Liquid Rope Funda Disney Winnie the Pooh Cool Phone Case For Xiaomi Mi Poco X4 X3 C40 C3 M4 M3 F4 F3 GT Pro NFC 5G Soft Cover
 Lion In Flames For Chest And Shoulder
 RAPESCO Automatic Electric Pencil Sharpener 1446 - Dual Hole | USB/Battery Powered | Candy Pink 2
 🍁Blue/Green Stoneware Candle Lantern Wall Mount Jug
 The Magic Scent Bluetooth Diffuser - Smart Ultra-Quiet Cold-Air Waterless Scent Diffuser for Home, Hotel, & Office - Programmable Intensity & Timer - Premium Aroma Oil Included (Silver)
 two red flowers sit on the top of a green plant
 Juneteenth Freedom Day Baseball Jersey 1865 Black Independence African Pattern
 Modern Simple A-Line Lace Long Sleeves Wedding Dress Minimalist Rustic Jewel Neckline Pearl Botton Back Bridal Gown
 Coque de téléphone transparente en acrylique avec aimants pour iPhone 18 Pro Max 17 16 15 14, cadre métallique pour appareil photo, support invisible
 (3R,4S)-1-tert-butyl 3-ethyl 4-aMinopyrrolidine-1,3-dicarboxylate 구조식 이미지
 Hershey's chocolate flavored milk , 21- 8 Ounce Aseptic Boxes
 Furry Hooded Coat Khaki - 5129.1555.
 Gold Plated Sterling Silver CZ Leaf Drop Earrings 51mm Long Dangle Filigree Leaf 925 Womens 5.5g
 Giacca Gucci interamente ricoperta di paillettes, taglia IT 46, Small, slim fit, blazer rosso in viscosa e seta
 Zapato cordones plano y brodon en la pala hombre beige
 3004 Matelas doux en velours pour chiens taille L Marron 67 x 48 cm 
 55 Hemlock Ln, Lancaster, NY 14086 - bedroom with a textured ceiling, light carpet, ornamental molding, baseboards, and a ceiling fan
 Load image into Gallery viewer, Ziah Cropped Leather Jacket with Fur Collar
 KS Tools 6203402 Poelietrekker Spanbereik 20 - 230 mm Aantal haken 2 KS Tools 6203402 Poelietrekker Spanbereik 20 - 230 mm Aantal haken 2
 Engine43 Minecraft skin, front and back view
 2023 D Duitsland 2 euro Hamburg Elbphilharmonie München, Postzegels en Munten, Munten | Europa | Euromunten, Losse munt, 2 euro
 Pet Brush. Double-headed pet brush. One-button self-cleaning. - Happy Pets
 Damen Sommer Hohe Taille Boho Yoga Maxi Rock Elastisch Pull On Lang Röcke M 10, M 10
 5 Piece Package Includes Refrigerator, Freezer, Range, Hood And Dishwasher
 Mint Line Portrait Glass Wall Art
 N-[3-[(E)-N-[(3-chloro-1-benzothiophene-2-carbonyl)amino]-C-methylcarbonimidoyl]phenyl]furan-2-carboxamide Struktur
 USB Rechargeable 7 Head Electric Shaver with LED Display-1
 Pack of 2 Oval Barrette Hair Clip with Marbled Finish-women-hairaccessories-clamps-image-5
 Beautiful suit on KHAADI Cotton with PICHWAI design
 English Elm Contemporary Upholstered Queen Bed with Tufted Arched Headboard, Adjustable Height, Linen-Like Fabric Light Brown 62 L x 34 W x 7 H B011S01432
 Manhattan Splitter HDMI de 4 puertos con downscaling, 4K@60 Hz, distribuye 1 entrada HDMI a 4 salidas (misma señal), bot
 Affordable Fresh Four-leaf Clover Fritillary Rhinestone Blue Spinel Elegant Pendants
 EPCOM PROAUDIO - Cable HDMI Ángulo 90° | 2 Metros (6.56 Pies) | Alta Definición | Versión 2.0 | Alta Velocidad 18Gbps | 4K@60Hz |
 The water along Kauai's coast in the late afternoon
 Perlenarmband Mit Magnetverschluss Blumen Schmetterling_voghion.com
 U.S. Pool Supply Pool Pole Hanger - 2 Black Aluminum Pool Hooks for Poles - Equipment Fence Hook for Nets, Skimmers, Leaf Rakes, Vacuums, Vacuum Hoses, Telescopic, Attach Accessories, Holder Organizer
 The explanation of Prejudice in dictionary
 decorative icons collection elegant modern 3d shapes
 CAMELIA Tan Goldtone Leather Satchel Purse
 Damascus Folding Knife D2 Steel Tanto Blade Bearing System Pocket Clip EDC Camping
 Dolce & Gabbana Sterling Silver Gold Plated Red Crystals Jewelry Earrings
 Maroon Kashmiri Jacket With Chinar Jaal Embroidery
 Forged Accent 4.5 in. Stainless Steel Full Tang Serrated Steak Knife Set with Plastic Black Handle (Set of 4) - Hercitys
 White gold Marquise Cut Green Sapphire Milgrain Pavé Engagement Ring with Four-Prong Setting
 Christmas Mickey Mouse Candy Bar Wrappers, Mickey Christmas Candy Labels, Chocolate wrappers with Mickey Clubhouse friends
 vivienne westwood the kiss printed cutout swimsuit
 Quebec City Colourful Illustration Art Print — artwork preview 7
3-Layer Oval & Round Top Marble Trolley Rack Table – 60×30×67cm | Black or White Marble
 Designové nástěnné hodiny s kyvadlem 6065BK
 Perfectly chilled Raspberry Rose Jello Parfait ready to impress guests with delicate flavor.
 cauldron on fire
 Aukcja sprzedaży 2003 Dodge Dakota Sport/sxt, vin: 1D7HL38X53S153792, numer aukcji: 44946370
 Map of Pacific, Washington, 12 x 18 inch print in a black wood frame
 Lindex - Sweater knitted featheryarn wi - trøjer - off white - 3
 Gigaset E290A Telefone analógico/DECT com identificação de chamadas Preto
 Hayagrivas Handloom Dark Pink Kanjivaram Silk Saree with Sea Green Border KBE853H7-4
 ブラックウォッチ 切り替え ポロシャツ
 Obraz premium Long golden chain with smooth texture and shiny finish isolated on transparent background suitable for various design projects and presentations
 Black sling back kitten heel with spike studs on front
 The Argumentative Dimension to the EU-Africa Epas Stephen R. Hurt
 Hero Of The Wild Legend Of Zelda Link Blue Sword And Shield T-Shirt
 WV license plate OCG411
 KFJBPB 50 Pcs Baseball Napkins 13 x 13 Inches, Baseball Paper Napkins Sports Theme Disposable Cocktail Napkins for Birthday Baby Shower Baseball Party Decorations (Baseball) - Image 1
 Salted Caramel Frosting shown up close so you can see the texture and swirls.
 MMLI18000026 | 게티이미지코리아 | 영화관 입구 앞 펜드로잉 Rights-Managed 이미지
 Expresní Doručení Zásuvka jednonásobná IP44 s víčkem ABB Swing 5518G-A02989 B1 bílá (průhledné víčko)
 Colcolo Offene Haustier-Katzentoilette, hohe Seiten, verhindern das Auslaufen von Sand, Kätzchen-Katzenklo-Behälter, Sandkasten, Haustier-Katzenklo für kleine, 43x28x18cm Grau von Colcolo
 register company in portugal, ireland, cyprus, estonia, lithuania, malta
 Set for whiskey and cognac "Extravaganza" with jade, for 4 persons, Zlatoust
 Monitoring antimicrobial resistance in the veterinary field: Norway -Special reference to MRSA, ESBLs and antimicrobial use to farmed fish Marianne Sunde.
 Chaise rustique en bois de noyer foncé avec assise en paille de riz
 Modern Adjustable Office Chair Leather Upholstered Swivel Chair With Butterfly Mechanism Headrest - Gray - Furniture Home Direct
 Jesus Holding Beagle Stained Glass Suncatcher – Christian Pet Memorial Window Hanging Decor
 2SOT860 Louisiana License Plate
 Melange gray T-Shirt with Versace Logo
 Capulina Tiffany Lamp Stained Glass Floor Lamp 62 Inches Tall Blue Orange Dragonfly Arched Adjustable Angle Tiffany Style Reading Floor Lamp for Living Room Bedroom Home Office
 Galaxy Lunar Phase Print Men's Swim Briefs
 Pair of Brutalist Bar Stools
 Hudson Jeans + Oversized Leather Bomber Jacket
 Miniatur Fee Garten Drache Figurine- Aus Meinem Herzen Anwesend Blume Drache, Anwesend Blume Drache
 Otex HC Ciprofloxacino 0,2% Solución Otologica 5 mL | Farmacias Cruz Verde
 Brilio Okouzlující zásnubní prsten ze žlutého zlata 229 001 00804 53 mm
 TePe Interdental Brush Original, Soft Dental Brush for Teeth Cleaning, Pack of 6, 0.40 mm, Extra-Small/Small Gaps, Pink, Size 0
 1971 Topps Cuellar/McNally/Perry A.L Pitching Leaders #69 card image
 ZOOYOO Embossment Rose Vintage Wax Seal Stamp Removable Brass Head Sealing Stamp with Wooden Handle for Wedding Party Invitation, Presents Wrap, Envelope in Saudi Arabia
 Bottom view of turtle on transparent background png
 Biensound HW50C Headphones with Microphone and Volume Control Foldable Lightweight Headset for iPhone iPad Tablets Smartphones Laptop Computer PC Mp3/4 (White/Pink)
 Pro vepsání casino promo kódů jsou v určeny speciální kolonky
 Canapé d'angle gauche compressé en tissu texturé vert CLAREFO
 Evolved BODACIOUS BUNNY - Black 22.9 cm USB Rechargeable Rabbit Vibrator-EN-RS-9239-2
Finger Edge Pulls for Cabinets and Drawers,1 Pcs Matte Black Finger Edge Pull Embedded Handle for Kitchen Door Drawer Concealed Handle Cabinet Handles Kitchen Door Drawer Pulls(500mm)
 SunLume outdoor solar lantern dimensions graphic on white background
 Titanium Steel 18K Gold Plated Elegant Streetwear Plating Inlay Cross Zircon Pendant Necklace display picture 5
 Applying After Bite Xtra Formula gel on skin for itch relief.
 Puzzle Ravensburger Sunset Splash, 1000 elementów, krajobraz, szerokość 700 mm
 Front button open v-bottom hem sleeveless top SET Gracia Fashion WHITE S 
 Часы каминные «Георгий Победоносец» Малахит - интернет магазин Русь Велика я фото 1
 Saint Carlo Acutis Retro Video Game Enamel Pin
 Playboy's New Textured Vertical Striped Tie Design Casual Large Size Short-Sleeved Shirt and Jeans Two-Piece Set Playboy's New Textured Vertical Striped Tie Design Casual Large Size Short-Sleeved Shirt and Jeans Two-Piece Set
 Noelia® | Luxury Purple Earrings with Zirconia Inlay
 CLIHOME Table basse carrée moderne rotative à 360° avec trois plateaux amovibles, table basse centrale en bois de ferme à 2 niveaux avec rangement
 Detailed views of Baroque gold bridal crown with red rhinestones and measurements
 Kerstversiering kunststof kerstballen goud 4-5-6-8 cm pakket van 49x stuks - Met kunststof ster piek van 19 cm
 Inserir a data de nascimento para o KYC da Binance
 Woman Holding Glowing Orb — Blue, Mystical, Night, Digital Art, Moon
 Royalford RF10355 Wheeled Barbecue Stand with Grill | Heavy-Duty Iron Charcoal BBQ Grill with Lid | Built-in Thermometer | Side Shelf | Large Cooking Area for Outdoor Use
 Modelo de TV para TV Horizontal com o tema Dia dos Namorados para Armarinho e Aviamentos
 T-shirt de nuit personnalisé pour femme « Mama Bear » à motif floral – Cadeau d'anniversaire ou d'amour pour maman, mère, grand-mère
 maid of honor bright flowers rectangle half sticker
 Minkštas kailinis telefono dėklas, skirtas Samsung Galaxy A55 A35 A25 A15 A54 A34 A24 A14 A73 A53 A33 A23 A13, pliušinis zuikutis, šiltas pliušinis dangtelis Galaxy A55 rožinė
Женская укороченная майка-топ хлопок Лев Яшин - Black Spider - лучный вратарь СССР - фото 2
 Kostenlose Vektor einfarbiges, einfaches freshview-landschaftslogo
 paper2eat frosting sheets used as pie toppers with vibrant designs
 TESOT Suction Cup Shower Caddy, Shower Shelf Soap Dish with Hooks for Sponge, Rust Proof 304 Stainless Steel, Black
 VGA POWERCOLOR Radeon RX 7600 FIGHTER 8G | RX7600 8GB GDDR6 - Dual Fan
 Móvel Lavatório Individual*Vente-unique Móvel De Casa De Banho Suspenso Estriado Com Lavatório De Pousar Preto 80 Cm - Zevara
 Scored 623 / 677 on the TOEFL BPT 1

-*-

**TASK BRIEF**
Copy out the range of lines above starting at the line with "Engine43 Minecraft skin, front and back view" and ending at the line with "Perlenarmband Mit Magnetverschluss", exactly and including both.

**SOLUTION FOR THIS TASK**
 Engine43 Minecraft skin, front and back view
 2023 D Duitsland 2 euro Hamburg Elbphilharmonie München, Postzegels en Munten, Munten | Europa | Euromunten, Losse munt, 2 euro
 Pet Brush. Double-headed pet brush. One-button self-cleaning. - Happy Pets
 Damen Sommer Hohe Taille Boho Yoga Maxi Rock Elastisch Pull On Lang Röcke M 10, M 10
 5 Piece Package Includes Refrigerator, Freezer, Range, Hood And Dishwasher
 Mint Line Portrait Glass Wall Art
 N-[3-[(E)-N-[(3-chloro-1-benzothiophene-2-carbonyl)amino]-C-methylcarbonimidoyl]phenyl]furan-2-carboxamide Struktur
 USB Rechargeable 7 Head Electric Shaver with LED Display-1
 Pack of 2 Oval Barrette Hair Clip with Marbled Finish-women-hairaccessories-clamps-image-5
 Beautiful suit on KHAADI Cotton with PICHWAI design
 English Elm Contemporary Upholstered Queen Bed with Tufted Arched Headboard, Adjustable Height, Linen-Like Fabric Light Brown 62 L x 34 W x 7 H B011S01432
 Manhattan Splitter HDMI de 4 puertos con downscaling, 4K@60 Hz, distribuye 1 entrada HDMI a 4 salidas (misma señal), bot
 Affordable Fresh Four-leaf Clover Fritillary Rhinestone Blue Spinel Elegant Pendants
 EPCOM PROAUDIO - Cable HDMI Ángulo 90° | 2 Metros (6.56 Pies) | Alta Definición | Versión 2.0 | Alta Velocidad 18Gbps | 4K@60Hz |
 The water along Kauai's coast in the late afternoon
 Perlenarmband Mit Magnetverschluss Blumen Schmetterling_voghion.com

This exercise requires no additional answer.